TASK DETAILS:
Output the lines of the records below exactly, beginning at their first line and ending at the line with "Mercedes Electric Ride-On"; include no pictures.

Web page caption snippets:
------------------------------------------------------------
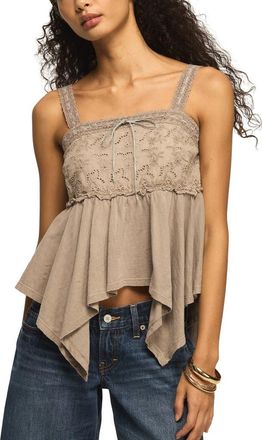 Lucky Brand Eyelet Yoke Handkerchief Hem Tank in Sphinx at Nordstrom, Size X-Large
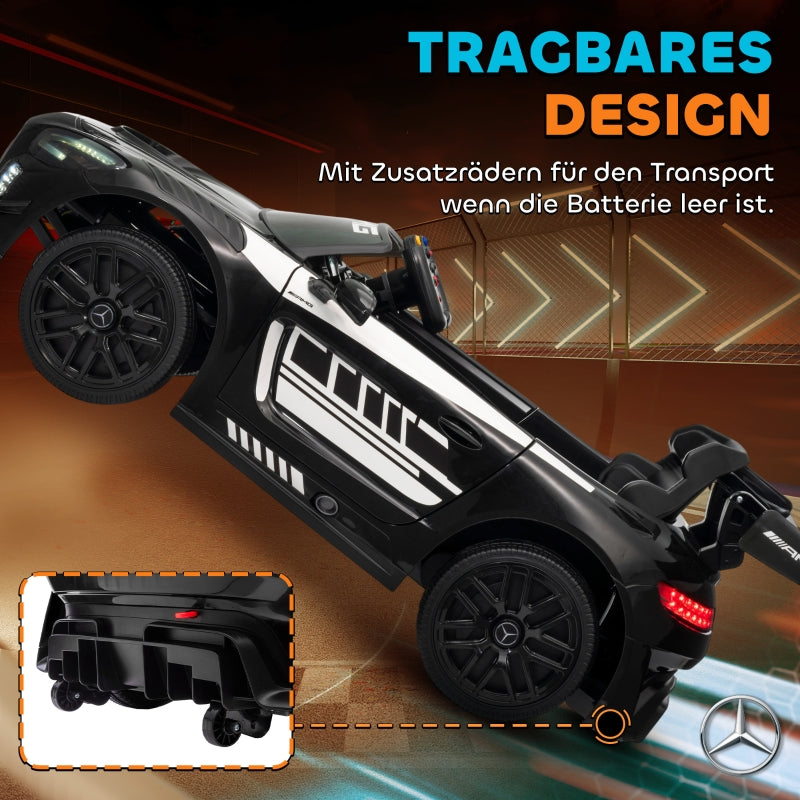 Mercedes Electric Ride-On Car with 12V Battery and LED Lights, Black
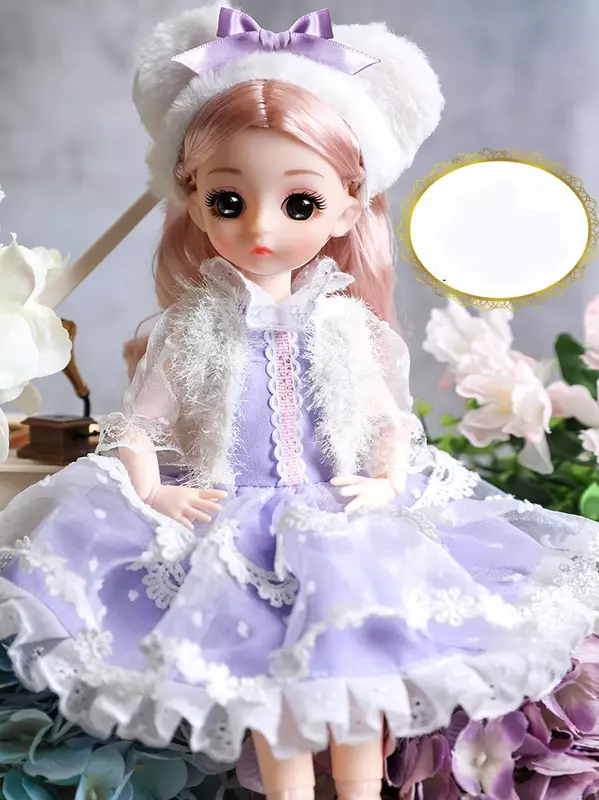 30cm bonito bjd boneca com olhos grandes rosto redondo cabelo longo diy brinquedos princesa vestido maquiagem blyth bonecas presentes para menina princesa brinquedos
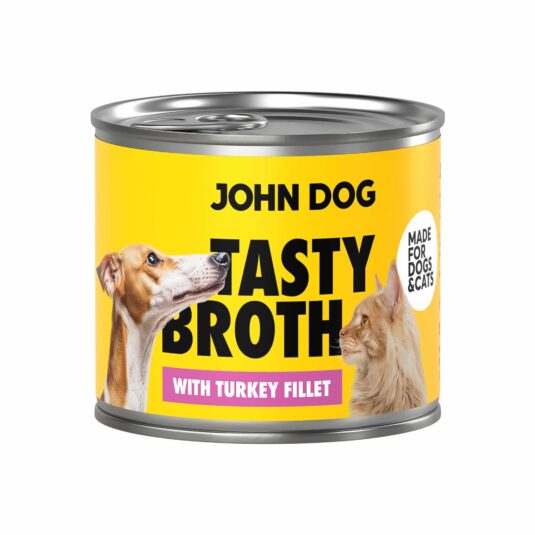 Puszka mokrej karmy John Dog Tasty Broth z indykiem dla psów i kotów. Na etykiecie żółte tło, pies oraz kot.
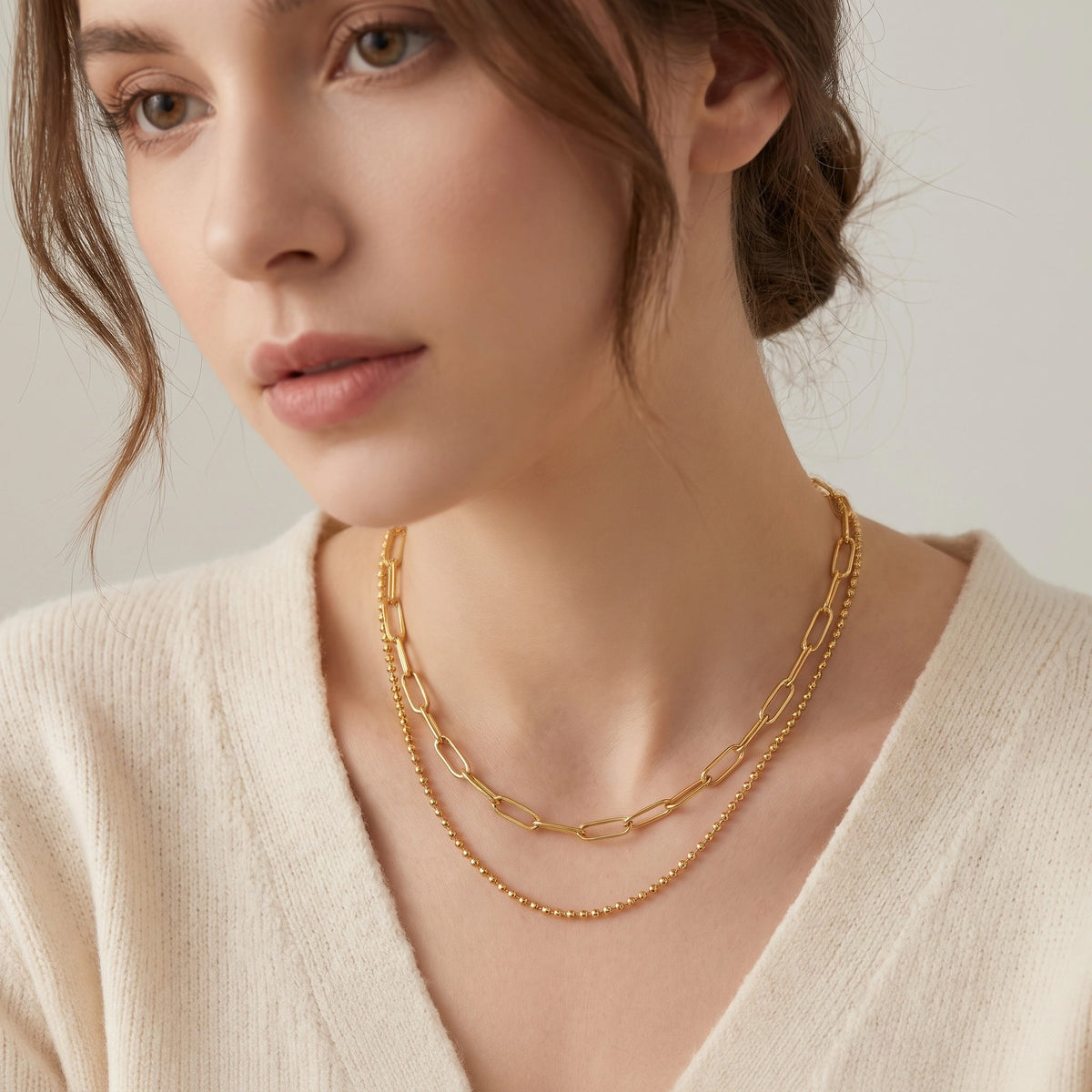 MYKI Paperclip & Bead Layer Necklace – Anti Tarnish Gold Plated Dual Chain (MK781G-SSYI)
------------------------------------------------------------
EXERCISE RESULT:
 Lucky Brand Eyelet Yoke Handkerchief Hem Tank in Sphinx at Nordstrom, Size X-Large
 Mercedes Electric Ride-On Car with 12V Battery and LED Lights, Black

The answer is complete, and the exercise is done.